Well, there are multiple people that I want to make happy– My future husband, my parents, his parents, the bridal parties, those that have to travel, those with religious expectations… EVERYONE. Because making the people I love happy, makes me happy. I want them to feel like attending this event was lovely and worth their time. I want them to be happy!
However, making everyone happy is 100% impossible.
So…. Im in a cycle here…
What Makes you happy? Bringing pleasure to others
Well what brings pleasure to others? All the things
So how can you make them happy? By trying to give them all the things.
Can you give them all the things? No.
Then what will make you happy? I DONT KNOW LEAVE ME ALONE!
(Cue opening a bottle of wine)
But, in addition to that, knowing that you’re about to get married sort of puts you in this outrageously vulnerable place. Suddenly you REALLY have to worry about things you never had to before. Suddenly you are a part of something so much bigger than yourself, and it’s wonderful as well as scary, and you just want to cry all the time because feelings, and you’re just so happy and also so overwhelmed and meanwhile you’re too broke to go to yoga class so you can calm the eff down, but you’re making yourself sick and you can’t go to work because of you slept through your alarm and you have crippling anxiety and then you kind of just cry forever and try to communicate how you feel, but it seems impossible because there are too many factors at play.

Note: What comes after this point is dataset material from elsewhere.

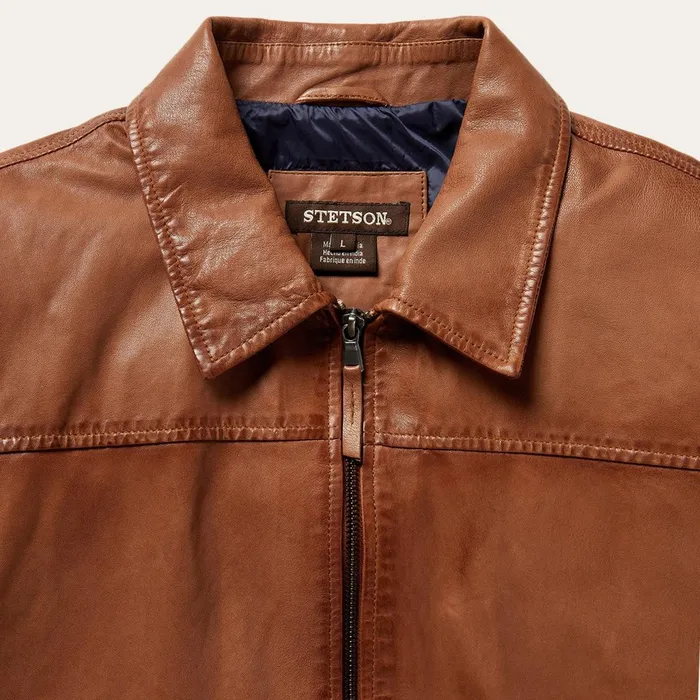 Jackets Men Stetson ZipFront Lightweight Leather Jacket Brown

Did I mention I was feeling kinda stressed?
I guess what I’m realizing is that we are really unfair to Bridezillas. There’s a reason we turn into these Crying Chaos monsters, you guys. The pressure we get from tons of outside sources is immense. Plus, the pressure we put on ourselves (culturally and individually) is ridiculous, and if you are a person (like me) who naturally puts immense pressure on herself in every category possible, then you’re going to have a disaster on your hands.

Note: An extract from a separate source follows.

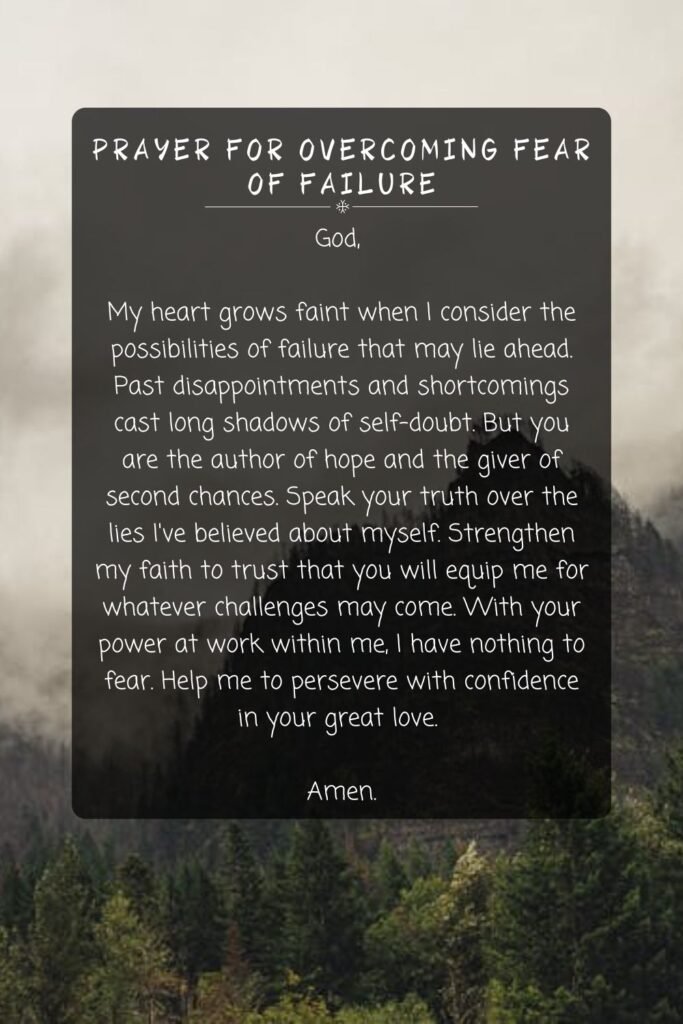 Prayer for Overcoming Fear of Failure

So what do we do? Because it’s my and my boo-thang’s responsibility to make this thing happen, and I don’t want to be sobbing in a white heap or popping so many xanax that I don’t feel anything on our wedding day.
Aside from searching for organizational tools, the best thing I can come up with is to feel ALL of it and not lie to myself by making trivial sacrifices for other people.
I’m going to cry.
I’m going to get frustrated.
I’m going to feel immense joy.
I’m going to feel so loved, and want to give so much love.
And I’m going to do my best not to apologize for any of it.
So if I Bridezilla a little bit… just cut me some slack, ok? I’m learning how to, as they all say, “DO WHAT I WANT…. Because I ONLY GET THIS DAY ONCE.”